We have all noticed daffodil, crocus, and tulip leaves poking up. If you have spring bulbs planted but have not seen leaves emerging, make sure they are not matted down by leaves. I was sort of cleaning up a front bed, cutting purple cone flower stems that had been left for the birds, and moved some dead leaves to discover green daffodil leaves trying to get through. That prompted a raking of leaves, which I had been putting off, uncovering crocus, columbine, and lungwort ready for spring. Since there is still some winter ahead I plan to leave the dead leaves as insulation until later in areas without spring bulbs.
Other late winter cleanup jobs include cutting sedum stalks, ornamental grasses, and other herbaceous perennials like bee balm, milkweed, and peony if you haven’t already. The first year’s growth of woody stems is also more obvious now than before they are masked by the lush growth of spring. Woody stems like the oak trees planted by squirrels in my flower beds, also mulberry, elm, maple, and ash. The right way to do it is to cut the woody stem near its base then treat with an herbicide or it will resprout. I will wait for a nice day to tackle this tedious job.

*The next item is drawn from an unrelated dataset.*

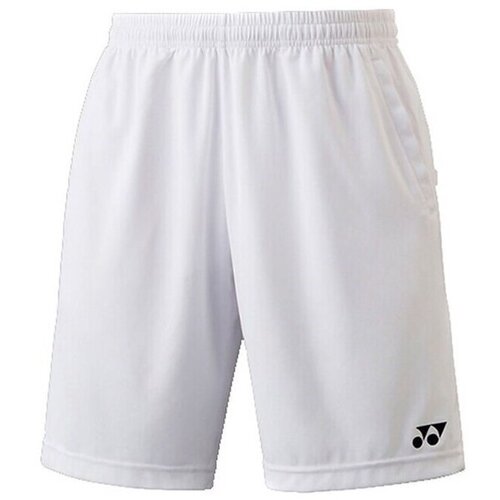 Yonex Hlače 3/4, 7/8 SHORTSM0004WH Bela Slike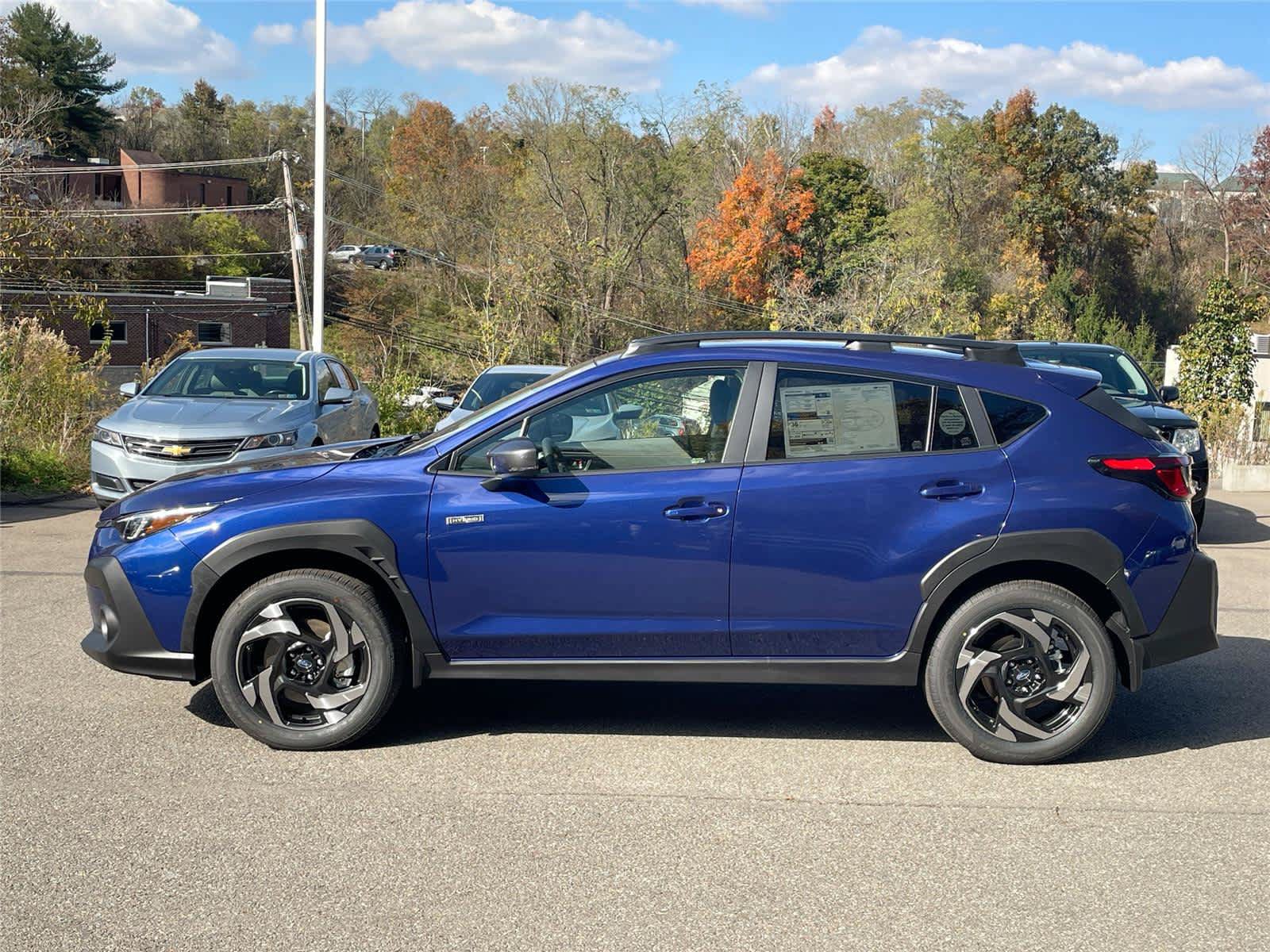 New 2026 Subaru Crosstrek 2.5i Limited AWD/4WD image 2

My friend Janet DelTurco has already started germinating some seeds. She will transplant them into larger containers, then later transplant to the garden. Check your seed packets and a calendar. It is early March, technically the last frost date in our area is May 11-20. I start tomatoes and peppers from seed and transplant into the garden, both say to start indoors about 5-7 weeks before last frost which will be late March to early April. Janet does an extra transplant step that I don’t so she can start earlier and probably have more robust plants to put in the ground in May. Last year I experimented with starting many plants from seed in the spring then transplanting but found that many, like larkspur and balloon flower, did better with direct sowing into the soil after the last frost time. There are fewer tomato and pepper plants to grow so I will continue to start them indoors then transplant outdoors later. Of course this all can be avoided if you just buy the plants you want at a greenhouse or nursery at a time that is convenient for you. More about planting seeds next time. Let’s hope we ease into spring without any late killing frosts. Enjoy the longer days.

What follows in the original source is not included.